|9 November - 27 November 2004
Conversations with Absent Others
||Conversations with absent others is an innovative continuation of Kershaw’s Geodetic Monuments series, shown at the Contemporary Project space, Art Gallery of New South Wales, 2002, and at the Centre for Contemporary Photography, Melbourne 2003. This new photographic series delves further into the idea of the landscape as a site for correspondence between the living and the dead. |
Geodetic stations were created in Australia from the1960s through to the 1980’s to serve as control points for map making, essentially punctuating the landscape for industrial or agricultural use. In this series, Kershaw has elaborately constructed shrine-like assemblages around the concrete obelisks, playing with the concept of emotional association that the naming of these structures implies.
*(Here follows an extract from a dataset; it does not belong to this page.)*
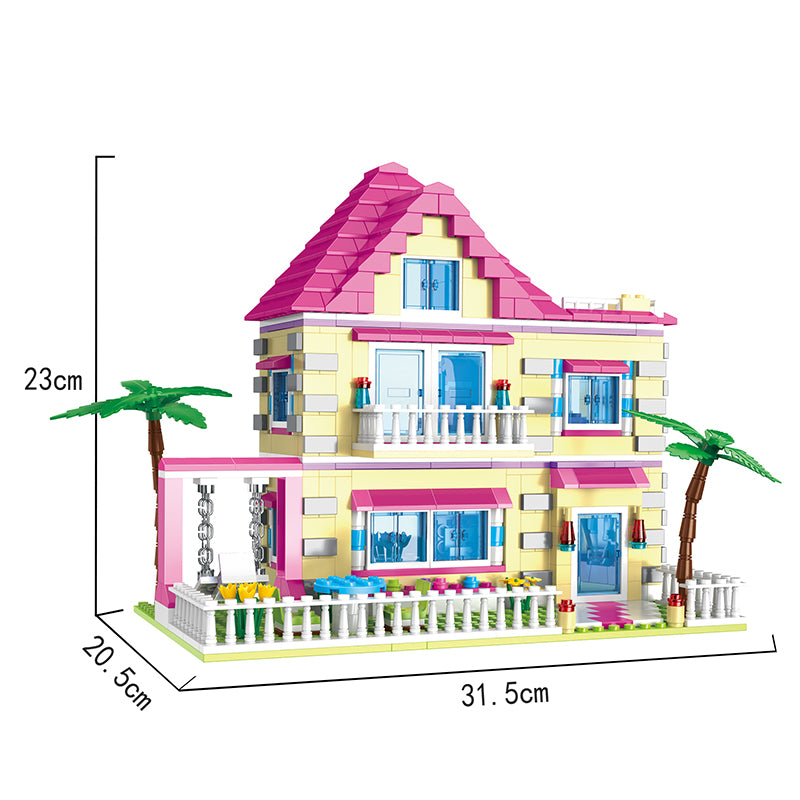 COGO 892PCS Fashionable Girl Villa Building Block Toy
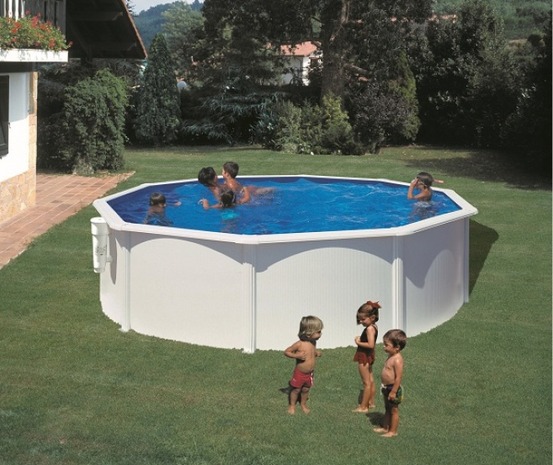 Piscine ronde acier ø3,20m x h: 1,22m - filtration à cartouche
The inspiration for this recent body of work began with an unlikely muse; a New South Wales field-hand, Ronald Dodd. Dodd was a locally esteemed character, and, as a gesture of recognition, the district council of his home-town, Lismore, named a geodetic point after him. This practice is not uncommon – these unmomentous concrete markers are often named after dead surveyors, imbuing them with personal and social relevance. As such, these geodetic points gain emotive significance as unofficial memorials. Kershaw became fascinated with the concept of prosaic landmarks transcending their utilitarian function. He has initiated a body of work which seeks to display the economic terrain as a ‘psycho-geographical landscape’ capable of instigating an ephemeral dialogue between the viewer and ‘absent others’.
These photographs are majestic in their composition. Kershaw has deliberately selected geodetic points from pastoral locations for their mythological ambience. Rolling hills and manicured farmland seemed to possess more of a human presence. Employing the dramatic morning and evening skies as the backdrop to his uncanny compositions, Kershaw festoons these unassuming concrete monoliths and platforms with offerings and signals. One structure stands ominously with red wax dripping down its sides, suggestive of an alter or sacrificial table. In another, a pyramid of glasses containing milk akin to a Balinese temple seems to be summoning the goodwill of the spirits on top of a hill. These images are not lacking in humour, as a sea of faces cut from watermelons smile ridiculously as effigies of the living. Conversations with absent others presents alternative readings to an essentially static Euro-centric vision. These constructions attempt to instil the landscape with an atmosphere of empathy and memory, transforming their geodetic purpose into congregations reaching for the heavens.